■ Brief: Only one span of the material below is wanted. Output it exactly, from the line with "和田組 損益計算書 2011年11月期" through the line with "Player Trend2 Graph", without any pictures.

### Records provided

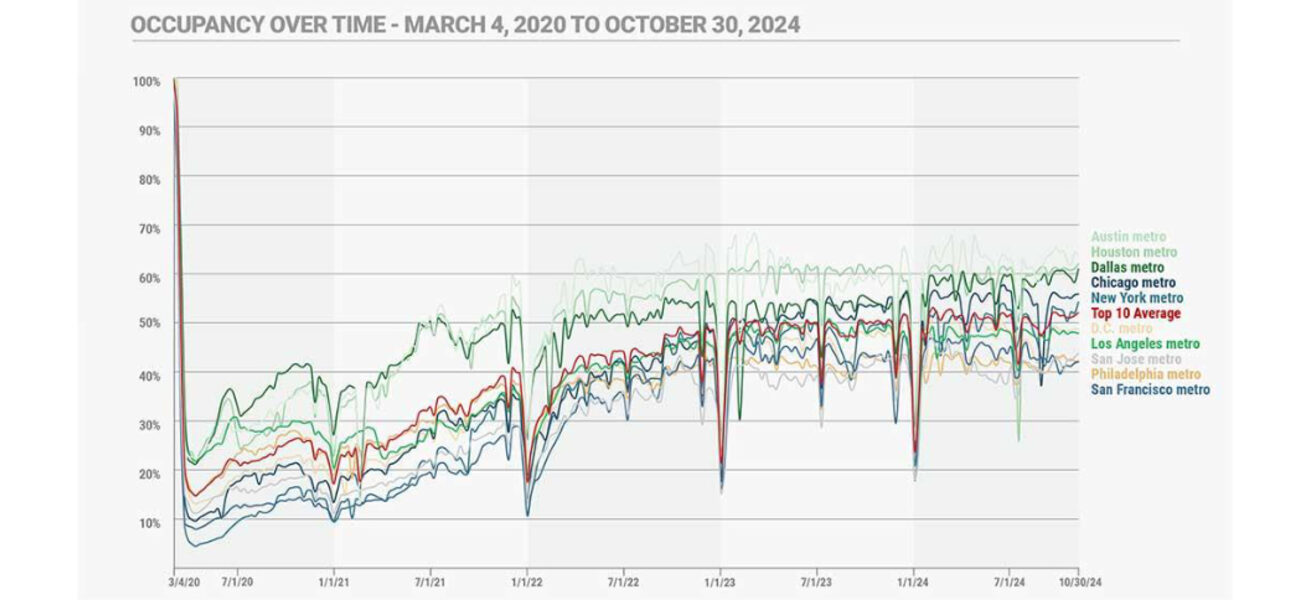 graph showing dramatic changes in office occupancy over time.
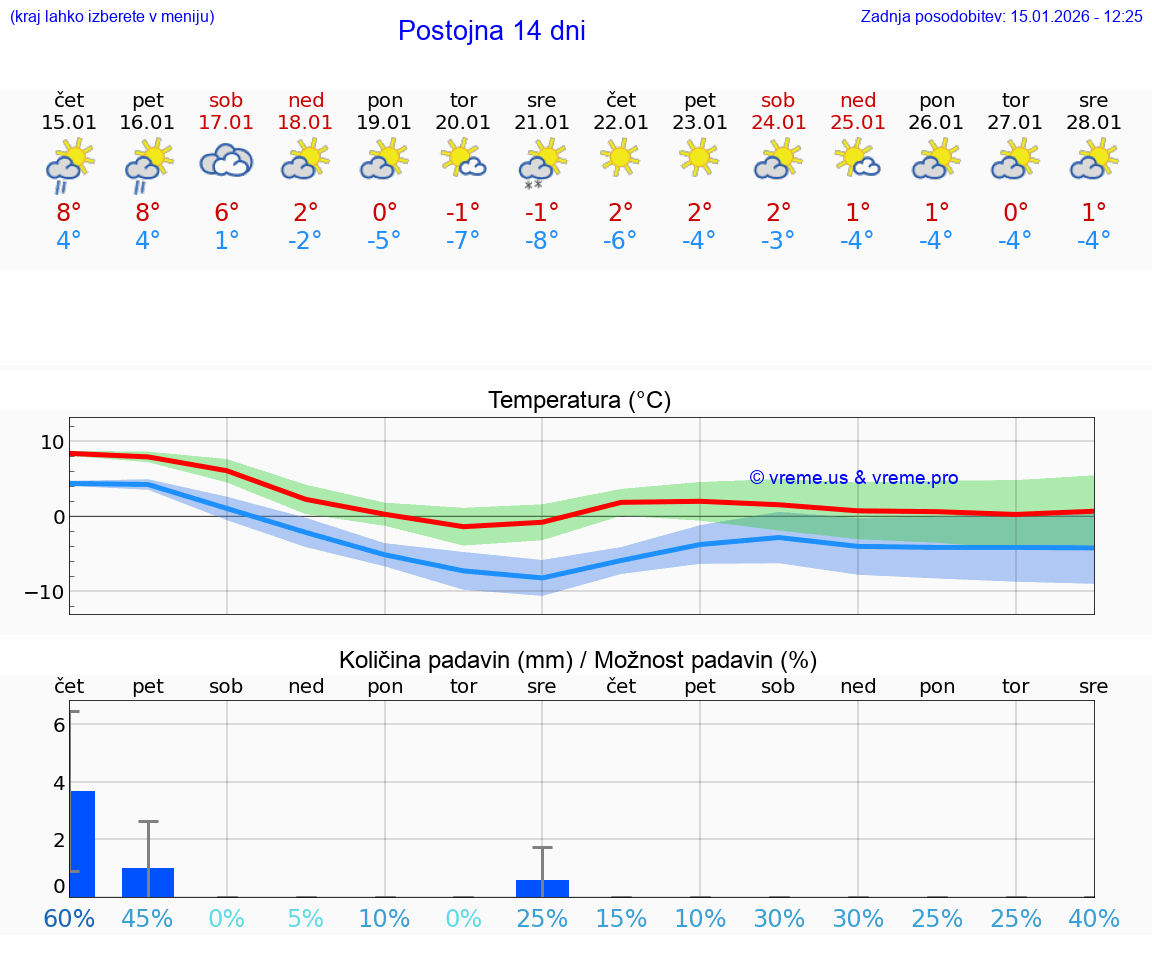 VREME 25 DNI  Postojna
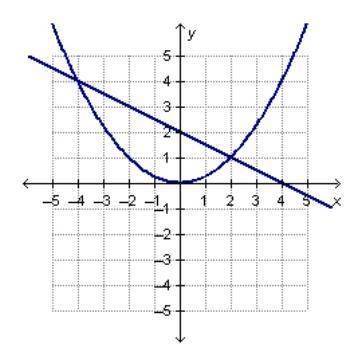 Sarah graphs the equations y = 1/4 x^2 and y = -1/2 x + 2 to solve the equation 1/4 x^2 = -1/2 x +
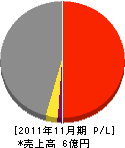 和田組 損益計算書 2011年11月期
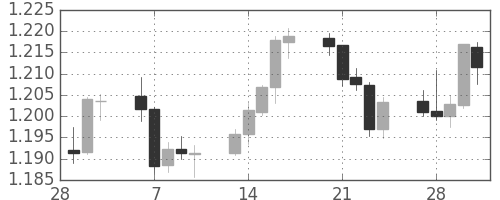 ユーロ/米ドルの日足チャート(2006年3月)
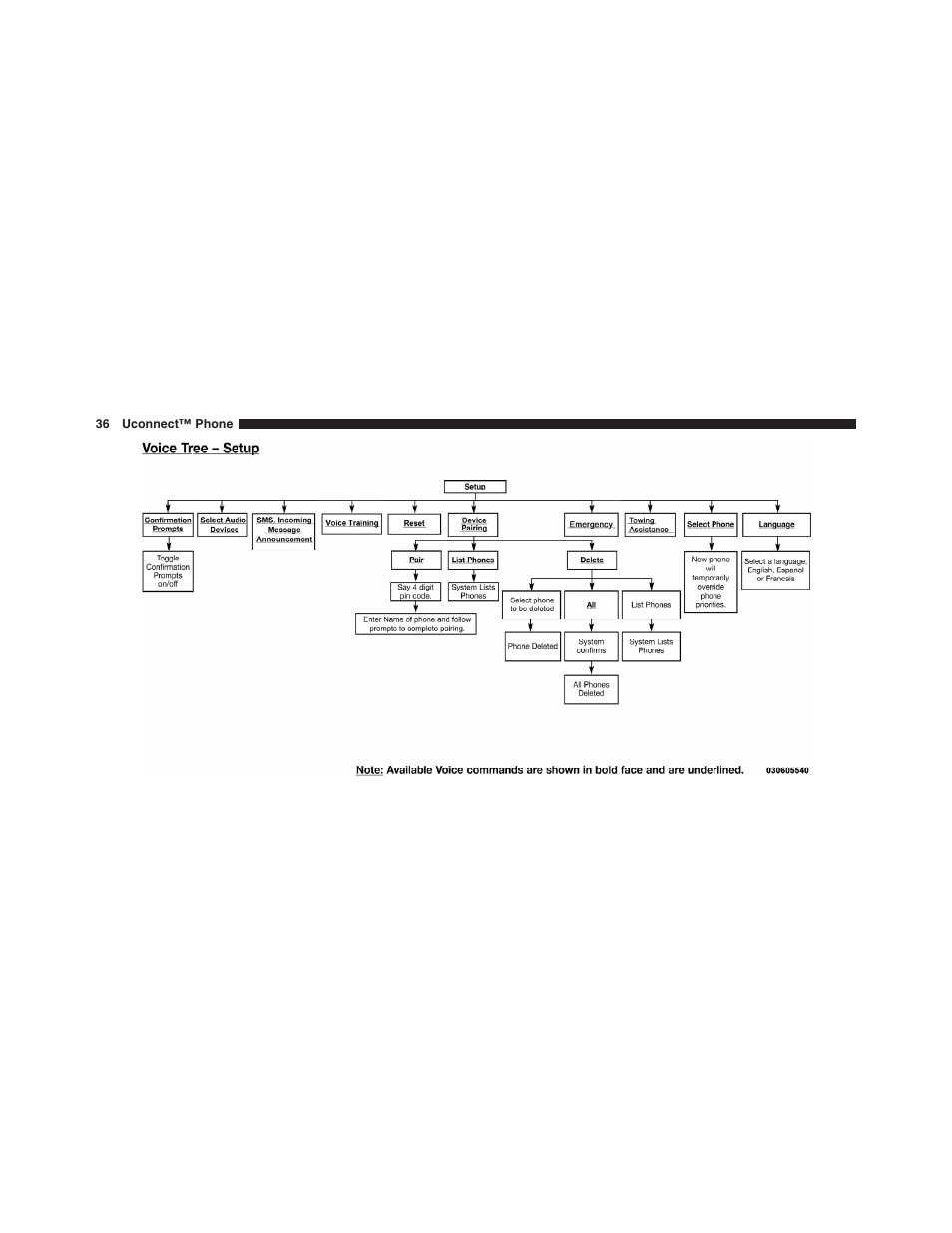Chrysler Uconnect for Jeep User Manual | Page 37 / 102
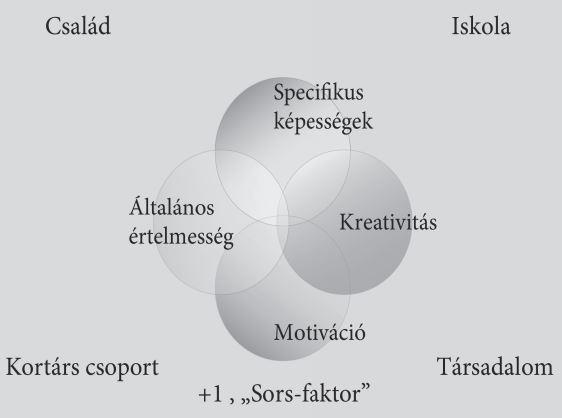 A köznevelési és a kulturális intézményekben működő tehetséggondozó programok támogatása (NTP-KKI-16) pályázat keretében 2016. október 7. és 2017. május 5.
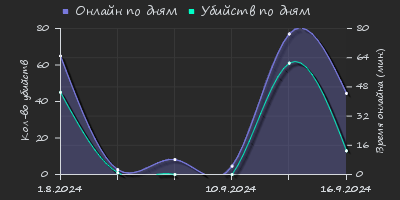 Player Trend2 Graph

######
### Records provided

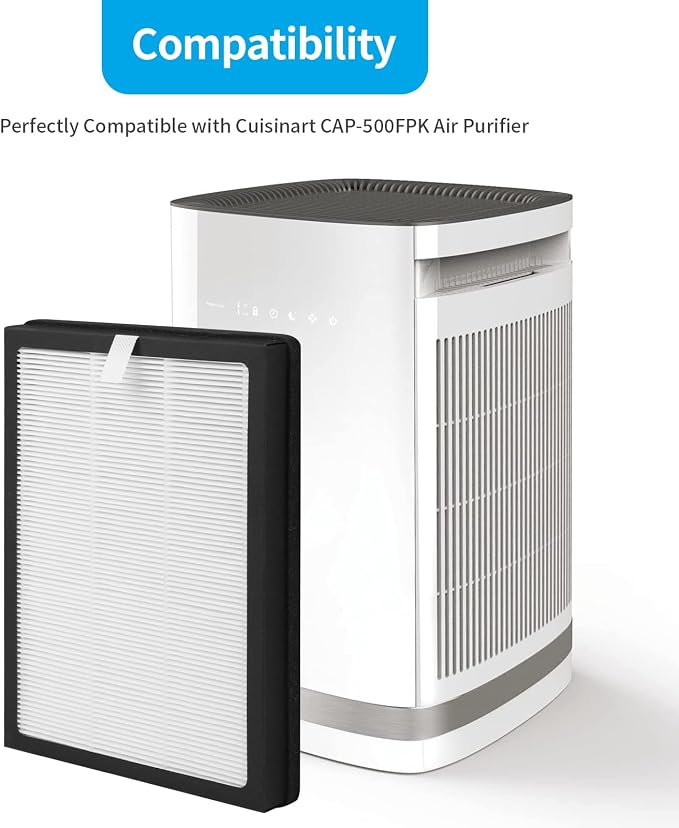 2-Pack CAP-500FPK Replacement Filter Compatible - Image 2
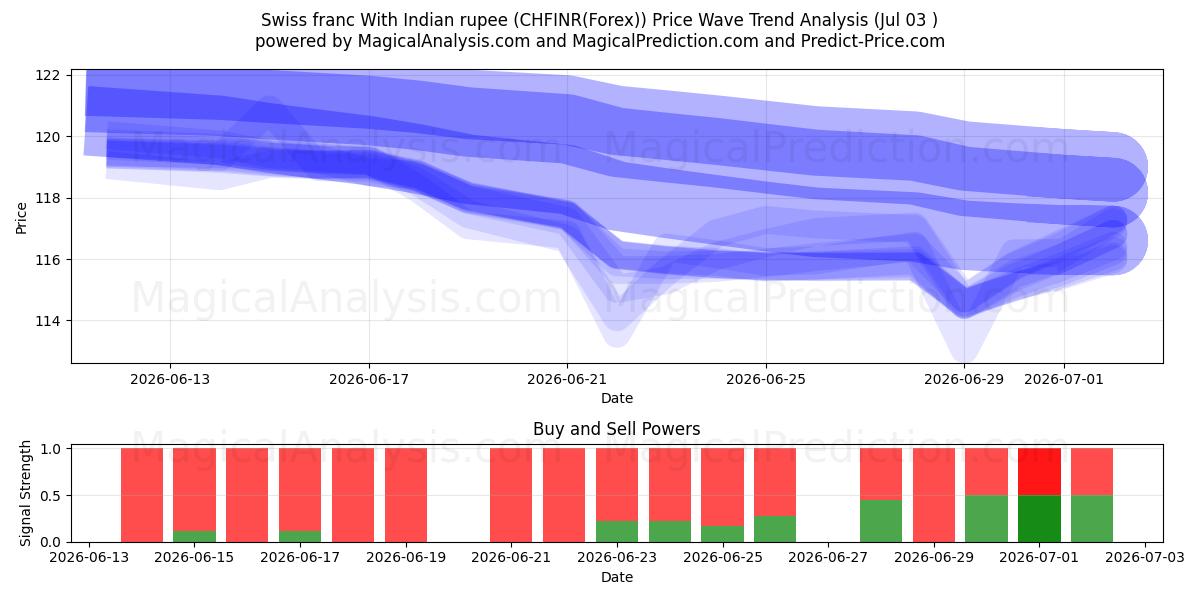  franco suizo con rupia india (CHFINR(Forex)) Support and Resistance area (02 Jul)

######

■ Answer section:
 和田組 損益計算書 2011年11月期
 ユーロ/米ドルの日足チャート(2006年3月)
Chrysler Uconnect for Jeep User Manual | Page 37 / 102
 A köznevelési és a kulturális intézményekben működő tehetséggondozó programok támogatása (NTP-KKI-16) pályázat keretében 2016. október 7. és 2017. május 5.
 Player Trend2 Graph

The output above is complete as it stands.